The butcher half looked over at him, but obviously didn’t see him.He was already busy running the slider back and forth, pale pink ribbons of salted lunch meat slipping out into a pile.
Kells shrugged. So much for service these days. He hurried to the front of the store, weaving between Halloween dinner shoppers. This weekend would be a crazy event, and bacon was always the first to go. Gramps had slipped him a fiver to bike down to the local Joe Wellingtons Inc 1998, grab the biggest piece of pork belly they had, and get home with it.
He hopped up onto his prized possession, a Trek 1420 bike, passed down with a hug and handshake when his older brother enlisted in the Oregon Forester Professionals.
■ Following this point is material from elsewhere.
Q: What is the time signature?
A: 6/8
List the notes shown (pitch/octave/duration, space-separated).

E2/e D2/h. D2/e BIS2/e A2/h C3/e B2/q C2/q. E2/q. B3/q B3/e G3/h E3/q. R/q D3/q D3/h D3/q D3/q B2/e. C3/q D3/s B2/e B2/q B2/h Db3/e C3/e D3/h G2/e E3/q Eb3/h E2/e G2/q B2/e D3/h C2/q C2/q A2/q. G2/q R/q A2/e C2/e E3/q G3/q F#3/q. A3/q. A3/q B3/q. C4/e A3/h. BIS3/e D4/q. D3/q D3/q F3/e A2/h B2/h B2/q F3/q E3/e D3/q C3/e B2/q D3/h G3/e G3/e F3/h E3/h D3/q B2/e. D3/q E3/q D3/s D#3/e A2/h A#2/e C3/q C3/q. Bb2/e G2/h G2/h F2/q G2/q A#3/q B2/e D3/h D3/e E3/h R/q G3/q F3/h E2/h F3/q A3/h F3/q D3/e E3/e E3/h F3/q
His legs reached the pedals, as long as he didn’t sit on the seat. He didn’t mind. Up and down these hills meant awesome abs by the time he’d turn fourteen.
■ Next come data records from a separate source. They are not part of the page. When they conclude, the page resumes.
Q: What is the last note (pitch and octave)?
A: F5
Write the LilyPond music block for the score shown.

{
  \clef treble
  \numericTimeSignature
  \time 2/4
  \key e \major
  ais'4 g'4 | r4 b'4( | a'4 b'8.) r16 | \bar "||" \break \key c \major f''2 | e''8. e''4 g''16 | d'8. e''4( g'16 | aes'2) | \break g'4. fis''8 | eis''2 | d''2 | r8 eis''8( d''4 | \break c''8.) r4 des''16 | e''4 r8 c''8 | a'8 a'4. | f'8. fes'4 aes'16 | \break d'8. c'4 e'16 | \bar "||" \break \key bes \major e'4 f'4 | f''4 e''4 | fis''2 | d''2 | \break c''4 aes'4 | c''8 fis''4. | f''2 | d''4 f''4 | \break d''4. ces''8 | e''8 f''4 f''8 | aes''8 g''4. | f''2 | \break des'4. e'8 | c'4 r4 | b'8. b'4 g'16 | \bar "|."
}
The sky rumbled, flexed like a rolled up blanket, and relaxed with a growl.
The bacon, fat white cloves of garlic, and crinkly bag of brown sugar went into the basket he’d welded under the seat. That was better than a basket on the front. That would look like a kid’s bike. As he closed the lid, he realized someone had tied the string really tight around the package. Not like hold-it-together well kind of tight, but like this-could-escape-so-take-care kind of tight.
He snorted and checked the sky. His imagination. He had a lot of it. Good thing he had a helmet to clip on. Probably kept his tousled head together.
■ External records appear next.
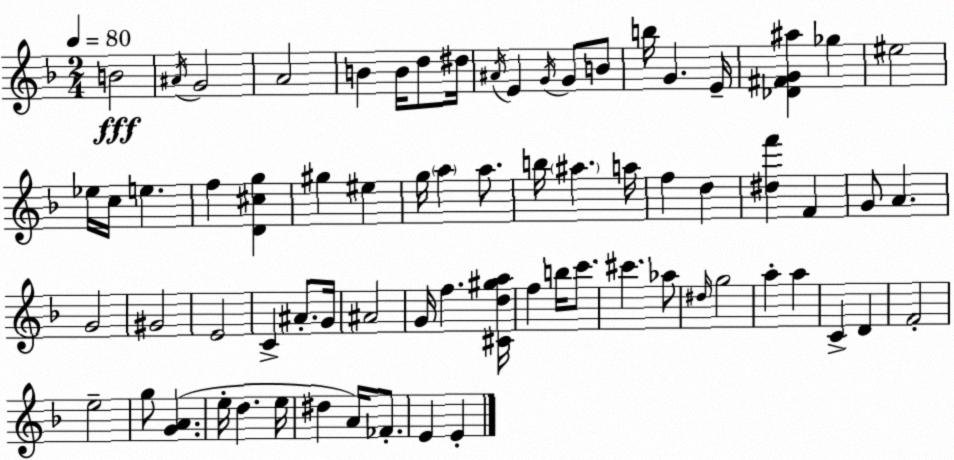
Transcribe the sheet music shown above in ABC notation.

X:1
T:Untitled
M:2/4
L:1/4
K:Dm
B2 ^A/4 G2 A2 B B/4 d/2 ^d/4 ^A/4 E G/4 G/2 B/2 b/4 G E/4 [_D^FG^a] _g ^e2 _e/4 c/4 e f [D^cg] ^g ^e g/4 a a/2 b/4 ^a a/4 f d [^df'] F G/2 A G2 ^G2 E2 C ^A/2 G/4 ^A2 G/4 f [^Cd^ga]/4 f b/4 c'/2 ^c' _a/2 ^d/4 g2 a a C D F2 e2 g/2 [GA] e/4 d e/4 ^d A/4 _F/2 E E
It was already getting dark, and the clouds were thick and heavy. Ten minutes. He had ten minutes before the rain. He could make it in eight, if he cut through the graveyard, and shaved off thirty seconds around the garden center.
Plus, this meat needed to stay cold. Gramps always cooked this block of pork belly in the oven, slathered it with fresh grated ginger, salty soy sauce, pungent anise, and other stuff that made it incredible and dark and golden, then ladled it over steaming rice, and sprinkled sesame seeds and a handful of bright green onion. His stomach grumbled at the thought, and he swallowed.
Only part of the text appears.